Last time I was there, went to view the lava flow into the ocean. Took a walking tour with Kupahua Adventures. I see they are no longer operating.
Would really like to do something similar again, this time with my wife.
Anyone been there recently to view the lava flow? Any recommendations?

Gary


----------



## DeniseM (Jan 10, 2013)

I would go to the Volcano Park website and check-out the current conditions - it changes constantly.  

I think the boat tour looks interesting, and much easier than the hike - if you like boat trips.


----------



## eal (Jan 10, 2013)

We took a helicopter tour from Hilo in early December and the lava flow from the Pu'u O'o crater and into the ocean was amazing!


----------



## GregT (Jan 20, 2013)

We were there in June and lava was flowing in a remote section (and not flowing in the ocean).  We had to hike 3.5-4 miles into old lava fields to see where the new surface flows were occurring -- I was so proud of my kids!!!  the volcano tour people told us this was a very challenging hike (and it was) and not recommended for kids under 13.  The kids never complained...and it was indeed a tough hike, and my kids were 11, 9 and 7 at the time.

So...I hope that the lava is still flowing -- it is a very memorable and highly recommended trip.  

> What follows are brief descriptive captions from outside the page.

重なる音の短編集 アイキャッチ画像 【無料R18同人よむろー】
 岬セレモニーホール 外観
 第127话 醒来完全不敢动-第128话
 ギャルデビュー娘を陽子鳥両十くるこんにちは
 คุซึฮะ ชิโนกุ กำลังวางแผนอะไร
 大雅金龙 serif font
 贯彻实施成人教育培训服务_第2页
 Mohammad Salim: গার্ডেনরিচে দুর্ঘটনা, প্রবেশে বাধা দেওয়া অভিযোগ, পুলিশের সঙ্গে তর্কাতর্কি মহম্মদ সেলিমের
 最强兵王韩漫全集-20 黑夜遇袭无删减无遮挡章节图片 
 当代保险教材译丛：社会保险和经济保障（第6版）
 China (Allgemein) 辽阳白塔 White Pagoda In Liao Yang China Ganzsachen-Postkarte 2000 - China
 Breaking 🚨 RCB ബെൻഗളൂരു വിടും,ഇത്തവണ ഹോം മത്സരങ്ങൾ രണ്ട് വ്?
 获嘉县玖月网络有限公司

The two websites I would check for status are below... enjoy the trip!

Best,

Greg


http://hvo.wr.usgs.gov/activity/kilaueastatus.php


http://www.nps.gov/havo/planyourvisit/lava2.htm


----------



## SueNJ (Jan 21, 2013)

GregT said:


> We were there in June and was flowing in a remote section (and not flowing in the ocean).  We had to hike 3.5-4 miles into old lava fields to see where the new surface flows were occurring -- I was so proud of my kids!!!  the volcano tour people told us this was a very challenging hike (and it was) and not recommended for kids under 13.  The kids never complained...and it was indeed a tough hike, and my kids were 11, 9 and 7 at the time.
> 
> So...I hope that the lava is still flowing -- it is a very memorable and highly recommended trip.
> 
> ...


Greg,

If there is surface lava when we are there this summer we were hoping to do a private tour and hike to the lava fields. We will also have our kids ages 9 and 11 with us. Can you send me the company you used for the tour? Did you hike during the day or evening? I have read a lot of reviews on several tour companies, some better than others. Thanks! Sue


----------



## GregT (Jan 21, 2013)

SueNJ said:


> Greg,
> 
> If there is surface lava when we are there this summer we were hoping to do a private tour and hike to the lava fields. We will also have our kids ages 9 and 11 with us. Can you send me the company you used for the tour? Did you hike during the day or evening? I have read a lot of reviews on several tour companies, some better than others. Thanks! Sue



Sue,

Here's the website of the company that we utilized -- we arranged a private tour for the six of us that were hiking (we also had a cousin with us, she's 23).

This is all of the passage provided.